Op Wereldlichtjesdag herdenken we overleden kinderen. Bruno van der Werff moest speechen tijdens een van de vieringen. En toen kwamen de stemmen in de nacht.
De rust van de nacht is om te slapen. Maar soms ook om wakker te liggen en de dingen tot je door te laten dringen. Ik ben 35 jaar huisarts geweest en ik heb in die tijd veel meegemaakt. Mij werd gevraagd namens de katholieke kerk iets bij te dragen aan een viering van Wereldlichtjesdag.
Ik had een gebed gekozen dat gebruikt werd bij het overlijden van één van de leerlingen op de middelbare school van onze kinderen.
Maar de stemmen van de overleden kinderen begonnen mij vanuit de donkere nacht te roepen: vertel over ons!
Vertel over dat jongetje dat onder een stapel rollende heipalen terecht kwam.

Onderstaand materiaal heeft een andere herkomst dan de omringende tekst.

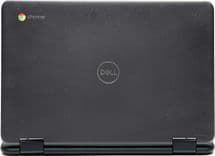 SKU: RNB0325538 Ноутбук Dell ChromeBook 3100 2-in-1 Multitouch Intel Celeron (N4020) 4 Гб 32 Гб SSD (Вживаний - Клас A) - Image 4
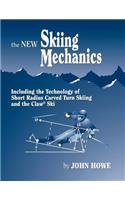 New Skiing Mechanics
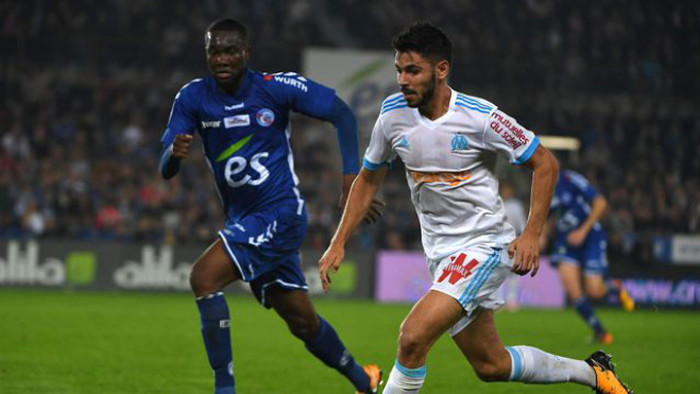 Soi kèo Marseille – Metz, 02h45 ngày 03/2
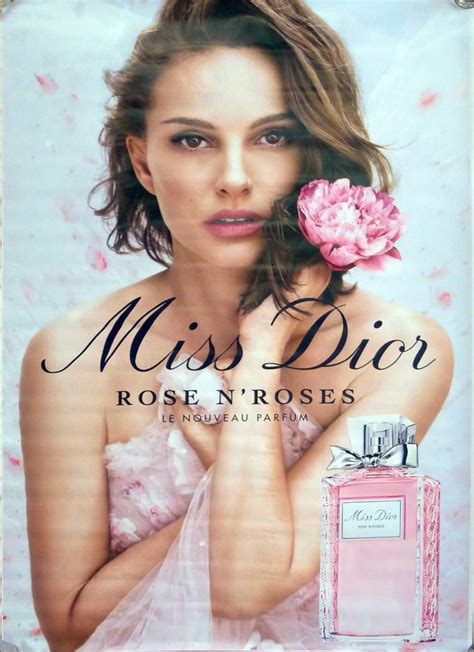 Anuncios De Perfumes Dior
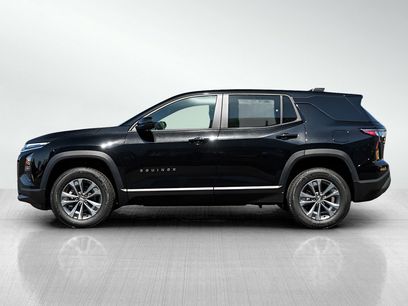 New 2026 Chevrolet Equinox LT w/ Convenience Package II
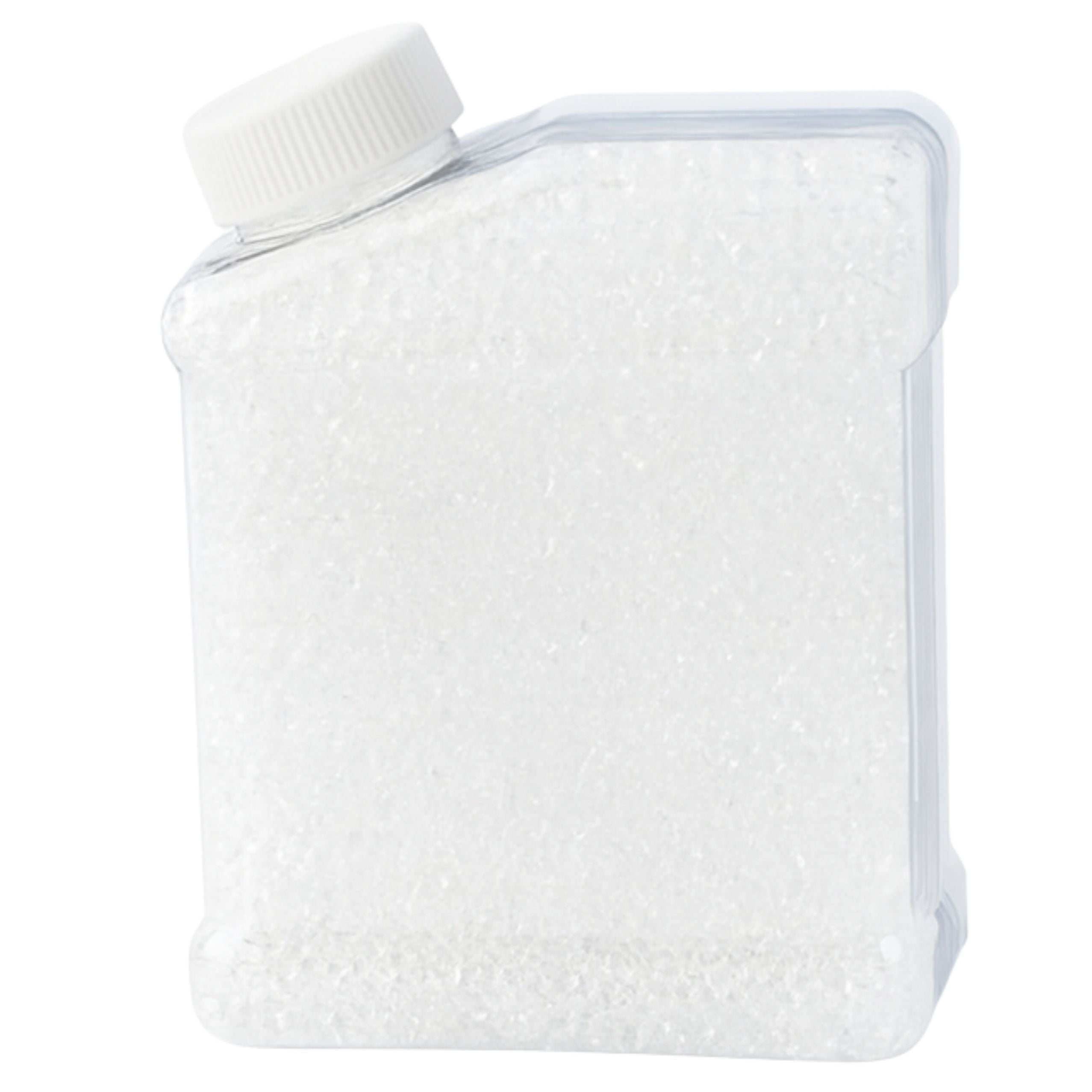 Set Of Hydrogel Water Balls For Guns White 20000 Pcs.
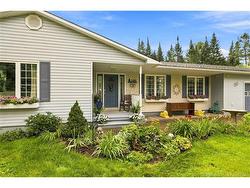 190 Robbys RD  Nasonworth, NB E3C 1M2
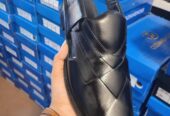 Men’s Sandals peshawari chappal upper aur SOL leather mein hai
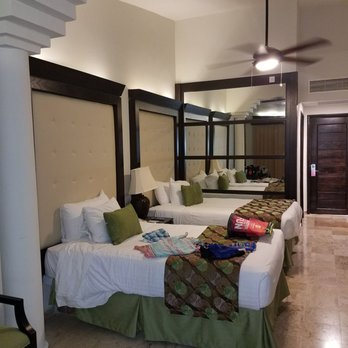 Meliá Caribe Tropical - Hotels Near Me - Punta Cana, UM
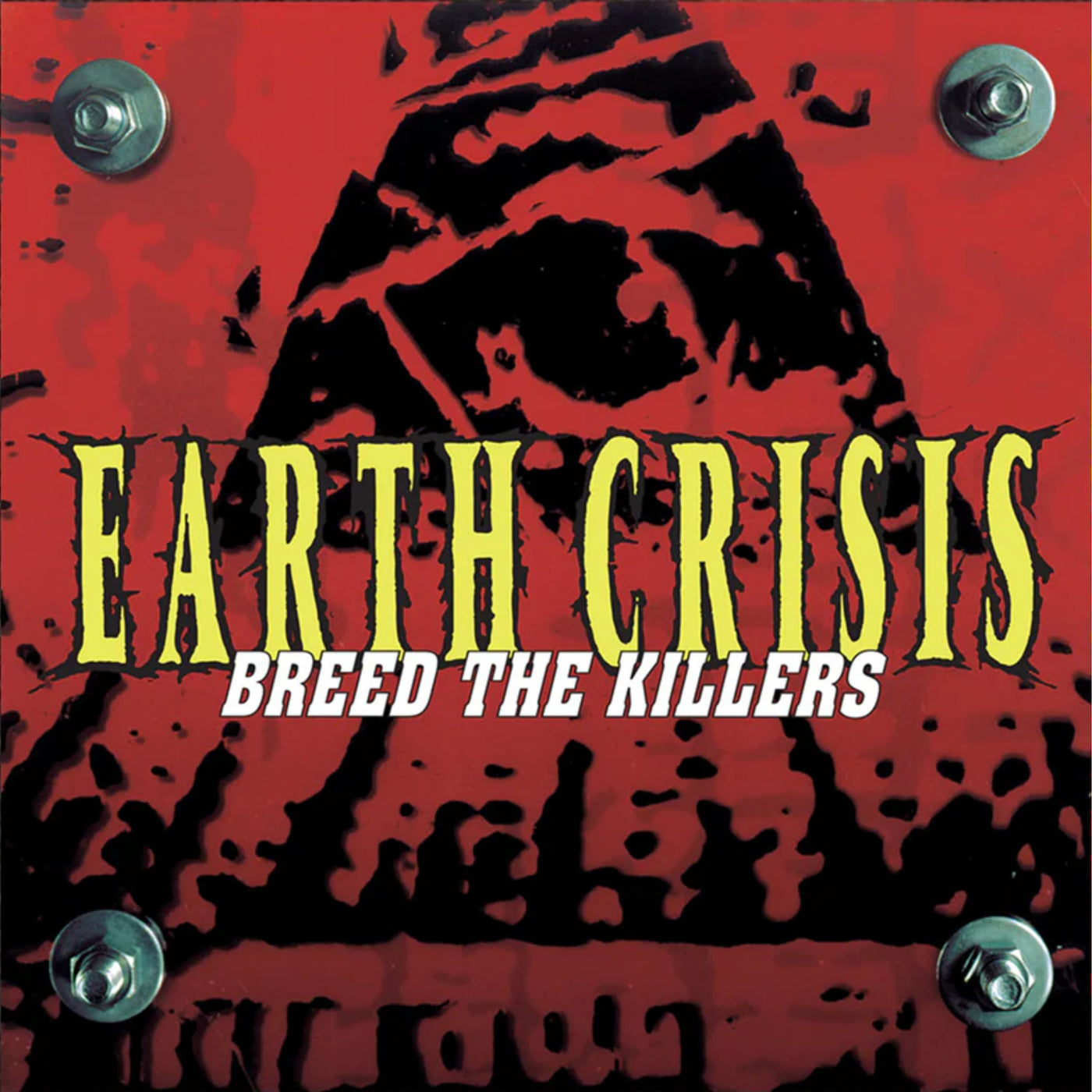 Earth Crisis "Breed the Killers"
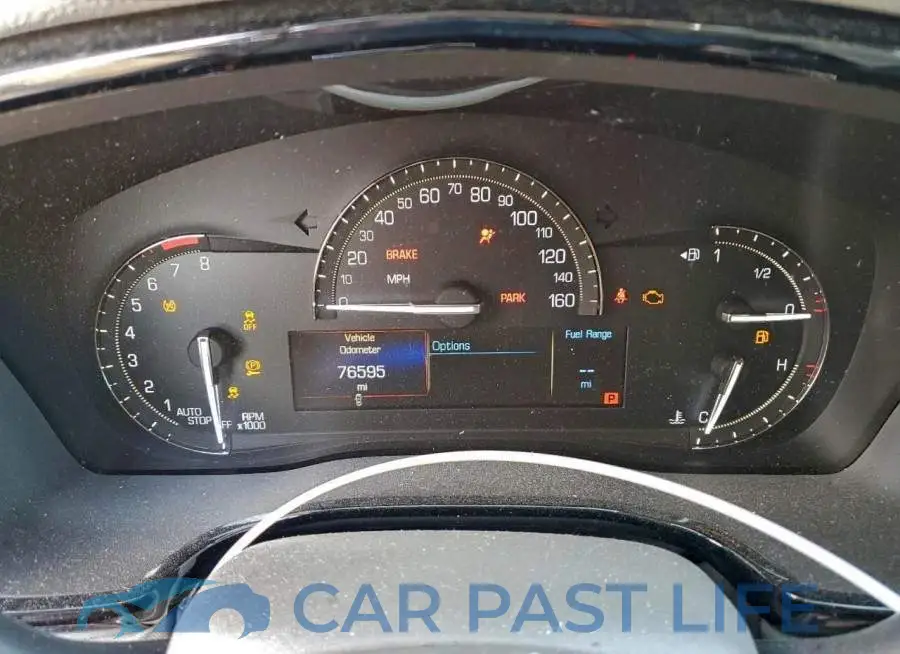 1GYKNCRS8JZ182473# 9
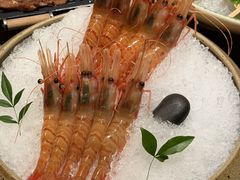 -上井料理黑金店(IFS国金中心店)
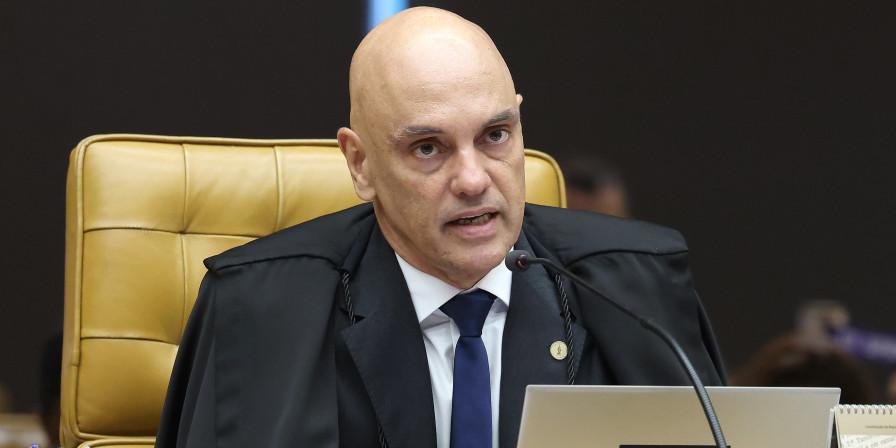 Delegado atua em STF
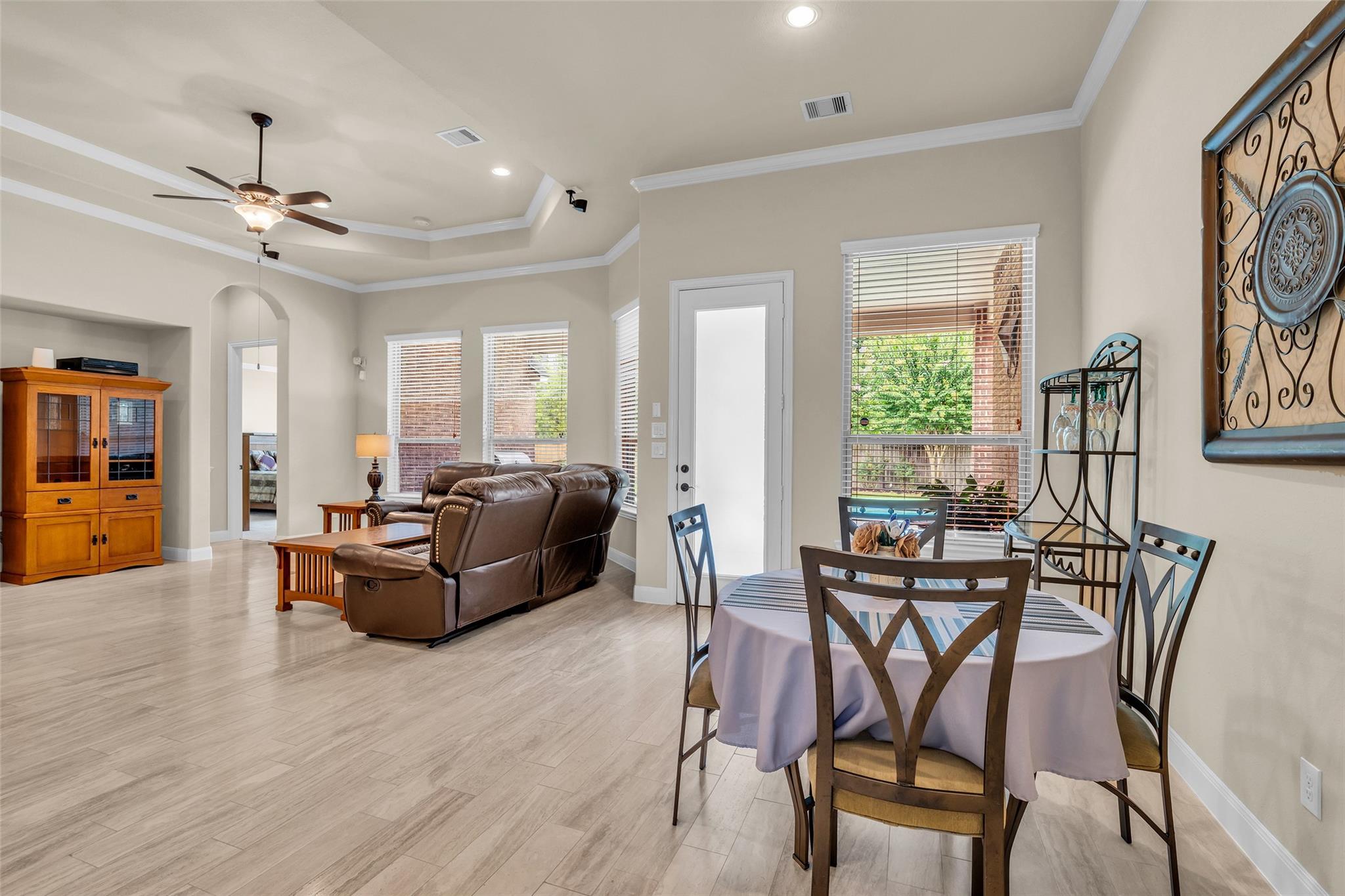 107 Kinderwood Trail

Vertel over Pieter die onder het zand kwam van de kuil die hij voor zichzelf gegraven had.
Vertel over het meisje dat midden in de nacht ziek werd en de volgende morgen dood in haar bedje lag.
Vertel over de dappere Jannes die geboren werd met een hartafwijking waar niets meer aan te doen was. Hij overleed na tien dagen in de armen van zijn ouders.
Vertel over de baby die je zelf ter wereld hielp komen en die na 6 maanden de wiegendood stierf.
Vertel over Gerard van 19 jaar die leukemie kreeg en uiteindelijk thuis in zijn eigen bed overleed. Bij de begrafenis was er een ongehoord lange stoet vrienden die hem naar de kerk begeleidden.
‘Het blijft tóch je kind, dokter’
Vertel over de jonge vrouw die veel te jong borstkanker kreeg en bij haar ouders thuis overleed. Op Kerstmis. Het feest van de geboorte. En iedere Kerstmis overlijdt zij weer.
Vertel ook over de man van 65 en zijn moeder van 85. Na een ongeregeld leven kwam hij te overlijden. En zijn oude moeder sprak de woorden die ik nooit meer vergat: ‘Het blijft tóch je kind, dokter’.
Vertel over de woede, het verdriet, de onmacht, de leegte, de hopeloosheid, de hulpeloosheid, de doofgeslagenheid van de ouders.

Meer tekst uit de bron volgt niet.